I recently went up to North Carolina to visit a good friend of mine, and we got to talking Python as we are wont to do. He told me about a PEP for enhancing generator syntax and creating cofunctions. To get ready for these we needed to practice using coroutines. I went about this by enhancing my function timing decorator and making it into a class so I could collect and analyze timings on many different functions. Check out the gist, hopefully it will not make you think me a fool, I will discuss my thoughts on it below the code and remove all doubt.

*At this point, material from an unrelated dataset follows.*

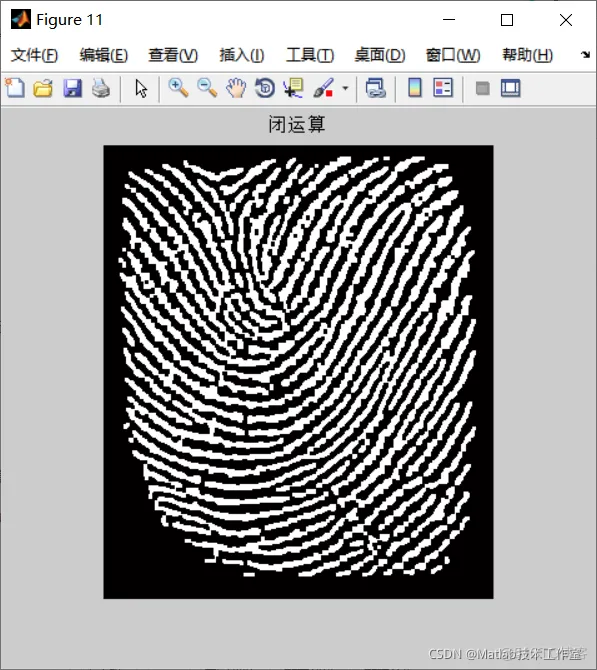 【图像识别】基于形态学实现指纹特征提取matlab源码_matlab_14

I personally can’t get over how cool decorators are… but I digress. The key part is in the __collector function on line 11 where we collect data anytime a decorated function is called. So our dictionary of function names and timing information is being generated rather than simply populated. This allows us to lump together any special processing we want to do during the collection of a timing, such as adding to the count of timings or keeping a running total.
So this is cool because we can create a coroutine which is like building a generator, but cofunctions are cool because they allow you to essentially “go both ways,” meaning you can have a generator that generates values, but also receives values from another generator. Once you have this two way yielding communication you can do sweet stuff like a scheduler, which excites me because OpenCL is designed with an event driven interface, meaning one could setup a really slick OpenCL accelerated workflow using cofunctions with PyOpenCL.
How do you apply this decorator to a method inside a class?